ENTRIES SHOWN:
===============
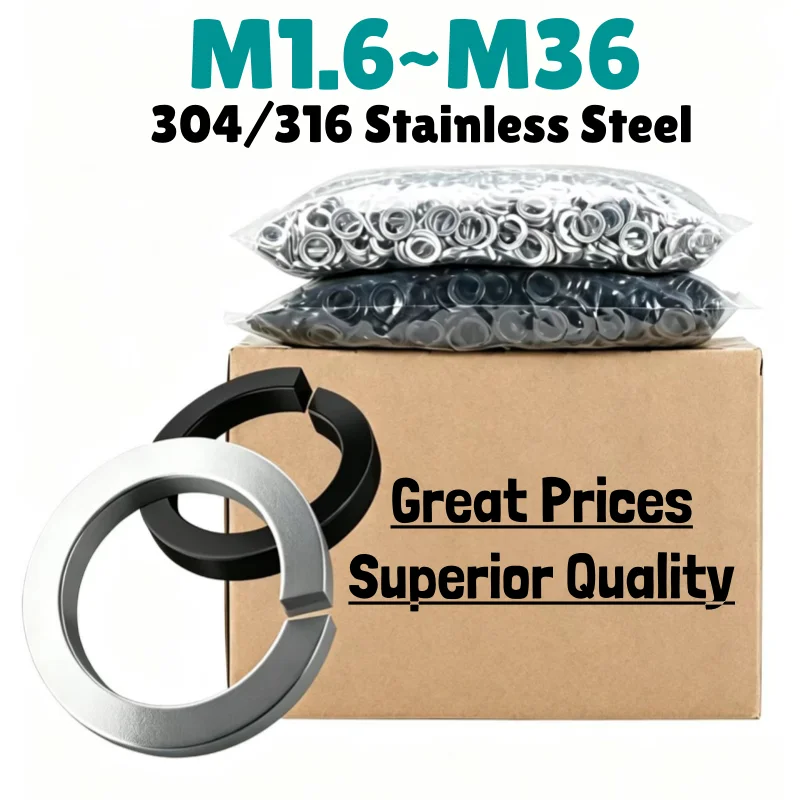M1.6 M2 M2.5 M3 M4 M5 M6~M36 304/316 Stainless Steel Spring Washers Split Lock Elastic Gaskets Shells Pads Lock Washer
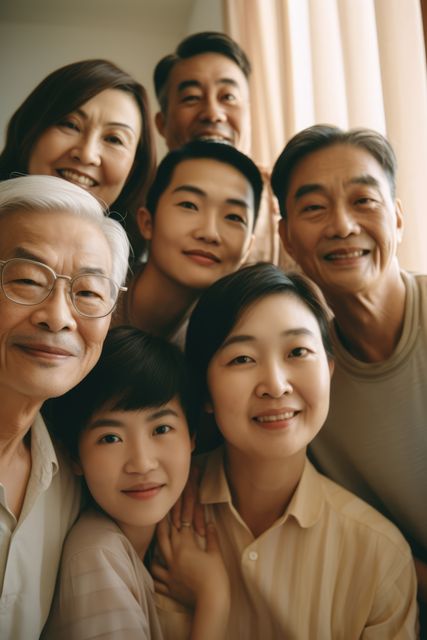 Portrait of happy asian family embracing at home, created using generative ai technology - Download Free Stock Photos Pikwizard.com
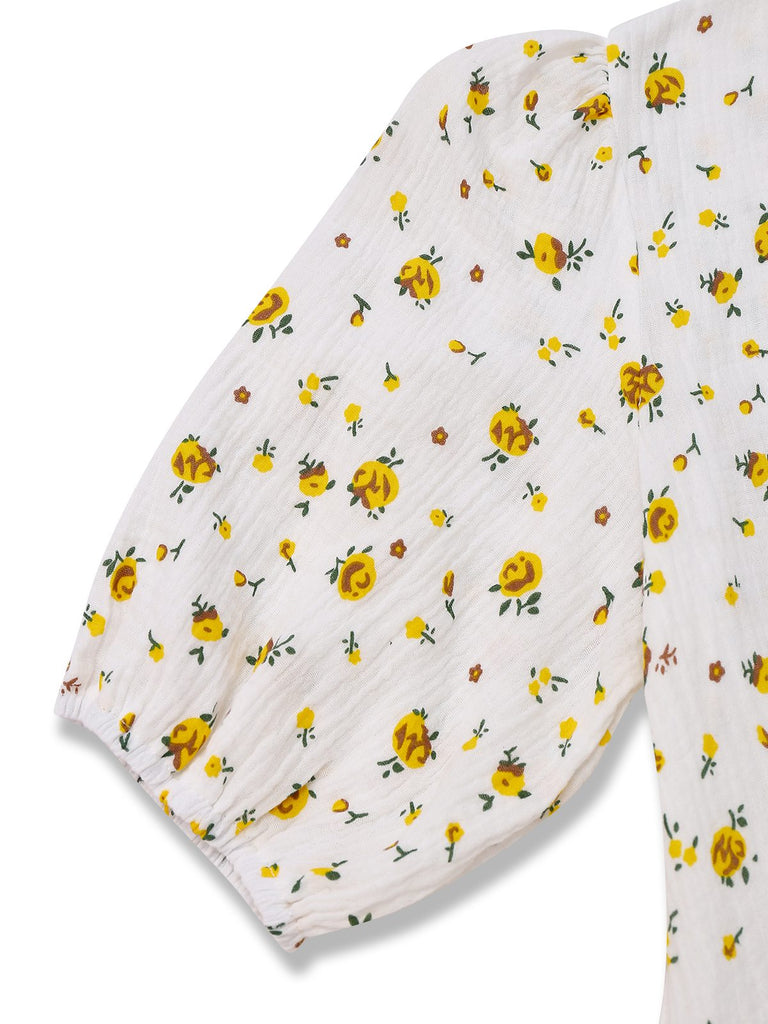 White 1940s Ditsy Floral Cotton Wrap Dress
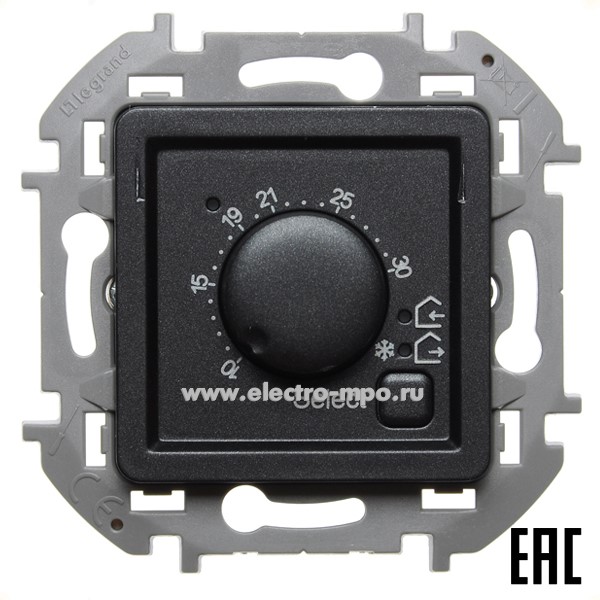 Ю5854. Механизм Inspiria 673813 регулятора теплого пола 7-50град. С с/п антрацит (Legrand/Daccord)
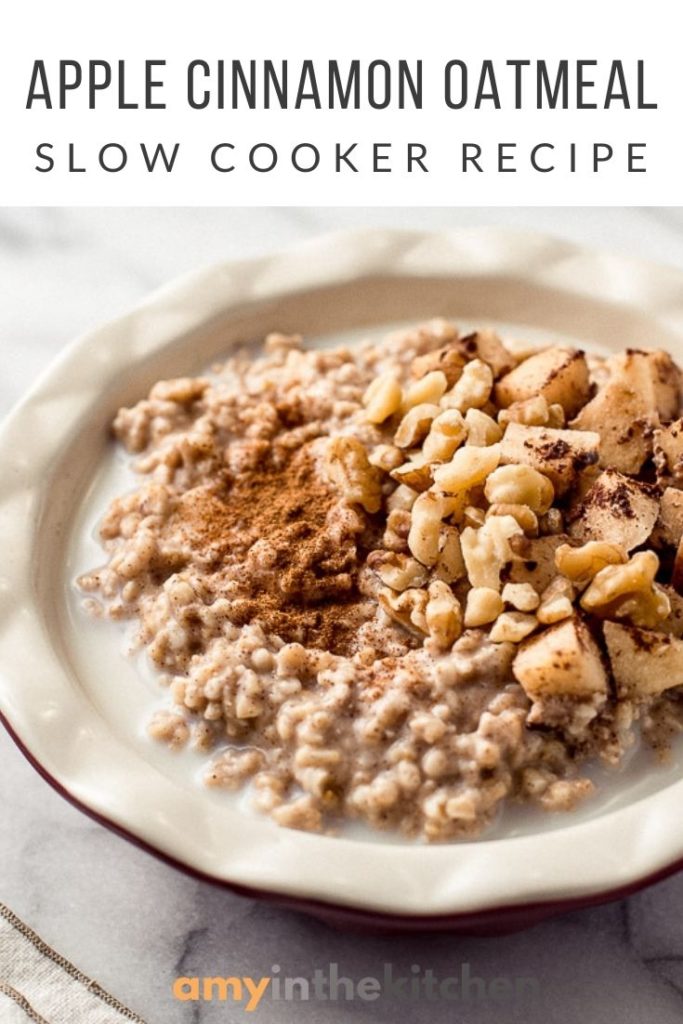 Slow Cooker Apple Cinnamon Oatmeal Amy in the Kitchen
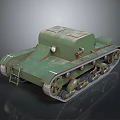 Green Military Tank Model With Tracks Ladder And Dark Background Reflection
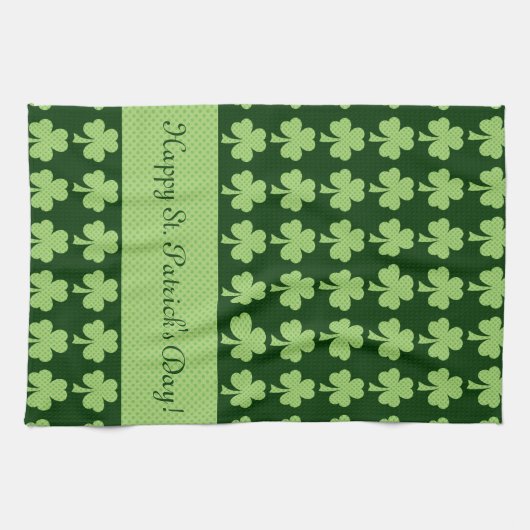 Kleeblatt Polka dots St. Patrick's Day Personalize Geschirrtuch (Horizontal)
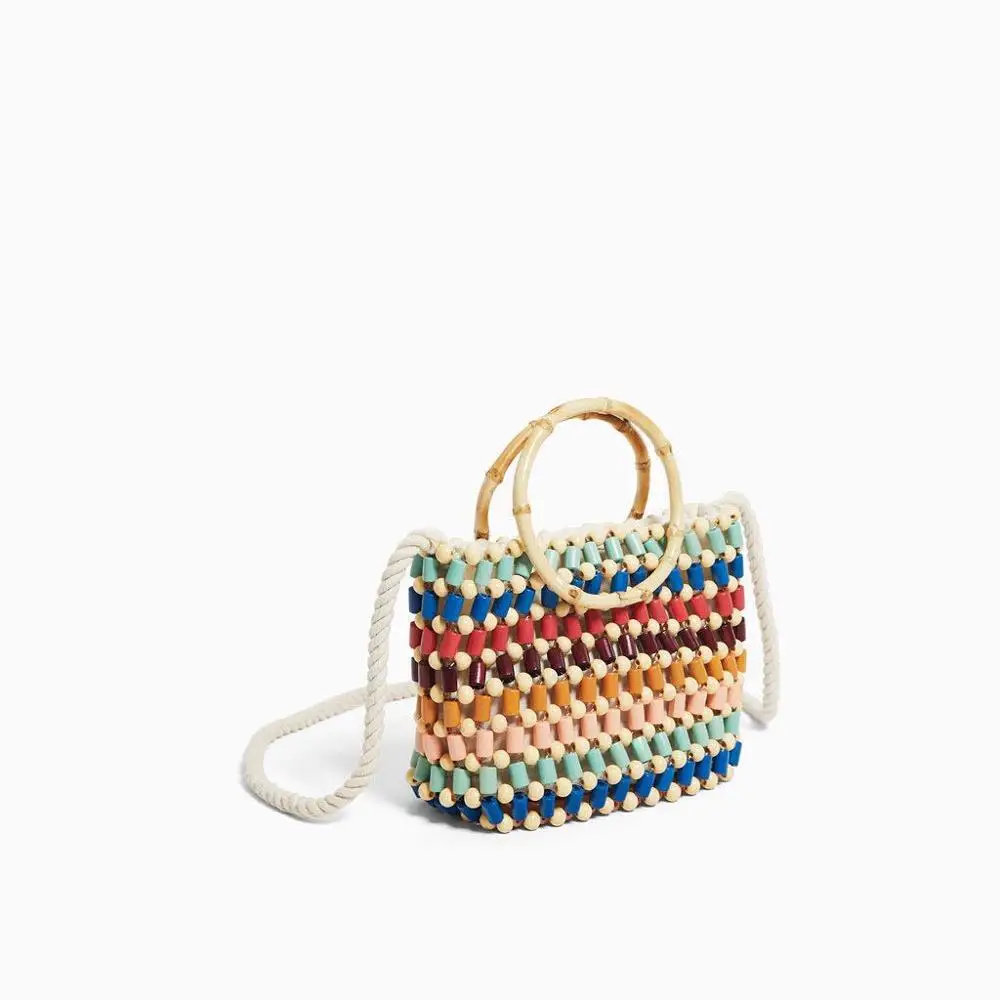 

Women Fashion Rattan Weave Handbag Colorful Summer Tote Girls Beach Straw Shoulder Bag Female Bolsa Large Capacity Crossbody Bag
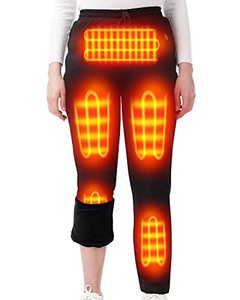 lot 2141 image: HEATEDTEK Women Heated Pants - Warm Heating Pants for Womens, 8pcs Heating Pads, 3 Temperature Control (Without Battery) Black Medium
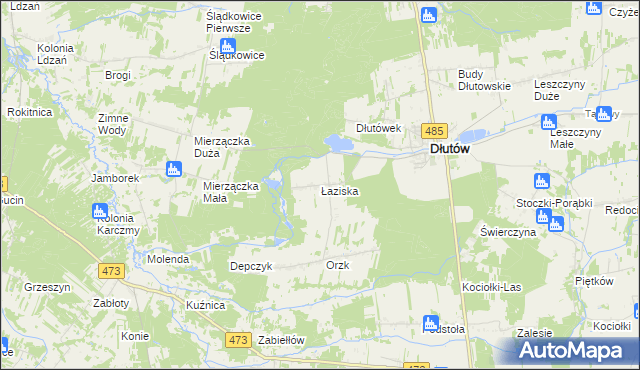 mapa Łaziska gmina Dłutów, Łaziska gmina Dłutów na mapie Targeo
===============
TRY IT: Only the lines from the one containing "Slow Cooker Apple" through the last line of the material should be returned, exactly and without pictures.

RESPONSE:
 Slow Cooker Apple Cinnamon Oatmeal Amy in the Kitchen
 Green Military Tank Model With Tracks Ladder And Dark Background Reflection
 Kleeblatt Polka dots St. Patrick's Day Personalize Geschirrtuch (Horizontal)

Women Fashion Rattan Weave Handbag Colorful Summer Tote Girls Beach Straw Shoulder Bag Female Bolsa Large Capacity Crossbody Bag
 lot 2141 image: HEATEDTEK Women Heated Pants - Warm Heating Pants for Womens, 8pcs Heating Pads, 3 Temperature Control (Without Battery) Black Medium
 mapa Łaziska gmina Dłutów, Łaziska gmina Dłutów na mapie Targeo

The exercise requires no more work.